A Study of Forward-Forward Algorithm for Self-Supervised Learning

Self-supervised representation learning has seen remarkable progress in the last few years, with some of the recent methods being able to learn useful image representations without labels. These methods are trained using backpropagation, the de facto standard. Recently, Geoffrey Hinton proposed the forward-forward algorithm as an alternative training method. It utilizes two forward passes and a separate loss function for each layer to train the network without backpropagation. In this study, for the first time, we study the performance of forward-forward vs. backpropagation for self-supervised representation learning and provide insights into the learned representation spaces. Our benchmark employs four standard datasets, namely MNIST, F-MNIST, SVHN and CIFAR-10, and three commonly used self-supervised representation learning techniques, namely rotation, flip and jigsaw. Our main finding is that while the forward-forward algorithm performs comparably to backpropagation during (self-)supervised training, the transfer performance is significantly lagging behind in all the studied settings. This may be caused by a combination of factors, including having a loss function for each layer and the way the supervised training is realized in the forward-forward paradigm. In comparison to backpropagation, the forward-forward algorithm focuses more on the boundaries and drops part of the information unnecessary for making decisions which harms the representation learning goal. Further investigation and research are necessary to stabilize the forward-forward strategy for self-supervised learning, to work beyond the datasets and configurations demonstrated by Geoffrey Hinton.

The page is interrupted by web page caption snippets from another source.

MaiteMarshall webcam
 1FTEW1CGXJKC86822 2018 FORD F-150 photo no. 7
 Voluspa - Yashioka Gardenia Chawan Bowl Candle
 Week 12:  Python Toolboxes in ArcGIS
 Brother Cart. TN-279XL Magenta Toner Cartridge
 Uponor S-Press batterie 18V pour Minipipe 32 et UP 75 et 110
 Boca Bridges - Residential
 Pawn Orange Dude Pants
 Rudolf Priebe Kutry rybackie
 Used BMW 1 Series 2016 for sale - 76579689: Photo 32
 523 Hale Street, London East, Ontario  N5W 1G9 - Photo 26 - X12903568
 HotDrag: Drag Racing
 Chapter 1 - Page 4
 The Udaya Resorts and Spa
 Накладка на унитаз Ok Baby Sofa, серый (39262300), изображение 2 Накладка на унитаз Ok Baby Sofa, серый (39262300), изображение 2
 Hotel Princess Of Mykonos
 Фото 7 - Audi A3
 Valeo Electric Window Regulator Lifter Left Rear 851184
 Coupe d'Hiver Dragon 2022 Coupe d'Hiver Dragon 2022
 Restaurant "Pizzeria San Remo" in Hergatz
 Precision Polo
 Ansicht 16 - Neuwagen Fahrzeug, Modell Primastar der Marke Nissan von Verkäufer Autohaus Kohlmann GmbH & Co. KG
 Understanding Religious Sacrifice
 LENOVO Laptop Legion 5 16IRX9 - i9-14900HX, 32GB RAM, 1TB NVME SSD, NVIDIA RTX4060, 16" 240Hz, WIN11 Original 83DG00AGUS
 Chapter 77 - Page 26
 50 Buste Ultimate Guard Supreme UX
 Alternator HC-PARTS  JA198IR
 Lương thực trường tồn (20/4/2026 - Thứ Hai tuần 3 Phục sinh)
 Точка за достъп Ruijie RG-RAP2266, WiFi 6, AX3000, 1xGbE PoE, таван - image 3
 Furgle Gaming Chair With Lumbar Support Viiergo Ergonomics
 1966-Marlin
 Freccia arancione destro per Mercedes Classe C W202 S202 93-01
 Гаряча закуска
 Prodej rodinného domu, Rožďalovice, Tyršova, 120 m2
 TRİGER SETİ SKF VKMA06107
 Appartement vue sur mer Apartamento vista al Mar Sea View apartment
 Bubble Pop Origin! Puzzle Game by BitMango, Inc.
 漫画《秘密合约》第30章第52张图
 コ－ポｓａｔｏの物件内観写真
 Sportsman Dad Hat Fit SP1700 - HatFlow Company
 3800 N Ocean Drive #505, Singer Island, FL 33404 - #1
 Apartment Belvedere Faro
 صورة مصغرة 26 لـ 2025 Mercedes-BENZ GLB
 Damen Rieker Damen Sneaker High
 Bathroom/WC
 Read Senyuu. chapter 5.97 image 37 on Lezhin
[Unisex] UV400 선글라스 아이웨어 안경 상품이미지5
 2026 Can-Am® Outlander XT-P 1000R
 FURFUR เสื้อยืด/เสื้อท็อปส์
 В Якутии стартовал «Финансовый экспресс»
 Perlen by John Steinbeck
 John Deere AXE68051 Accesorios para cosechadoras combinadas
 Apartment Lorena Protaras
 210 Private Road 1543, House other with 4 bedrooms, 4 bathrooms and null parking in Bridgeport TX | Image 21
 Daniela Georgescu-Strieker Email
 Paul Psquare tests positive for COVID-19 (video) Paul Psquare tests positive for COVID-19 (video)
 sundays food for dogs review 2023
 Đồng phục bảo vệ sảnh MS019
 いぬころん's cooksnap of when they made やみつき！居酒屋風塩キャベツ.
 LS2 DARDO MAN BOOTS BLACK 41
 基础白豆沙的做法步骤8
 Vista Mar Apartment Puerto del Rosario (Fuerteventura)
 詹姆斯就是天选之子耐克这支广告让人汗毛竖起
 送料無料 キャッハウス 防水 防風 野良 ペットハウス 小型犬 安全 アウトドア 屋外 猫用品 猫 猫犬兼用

翻译：自监督表示学习在过去几年中取得了显著进展，一些最新方法能够无需标签即可学习有用的图像表示。这些方法采用反向传播作为事实标准进行训练。近期，杰弗里·辛顿提出前向-前向算法作为一种替代训练方法，通过两次前向传递和每层独立损失函数实现无需反向传播的网络训练。本研究首次系统比较了前向-前向算法与反向传播在自监督表示学习中的性能，并深入剖析了所学习表示空间的特征。我们以四个标准数据集（MNIST、F-MNIST、SVHN和CIFAR-10）为基准，采用三种常用自监督表示学习技术（旋转、翻转和拼图）。主要发现表明：尽管前向-前向算法在（自）监督训练阶段与反向传播性能相当，但其迁移性能在所有实验设定中均显著落后。这一现象可能源于多因素耦合，包括逐层损失函数设计及前向-前向范式对监督训练的实现方式。相较于反向传播，前向-前向算法更关注决策边界而舍弃部分非必要信息，这损害了表示学习目标。要突破杰弗里·辛顿所展示的数据集与配置限制，使前向-前向策略稳定应用于自监督学习，仍需进一步深入研究。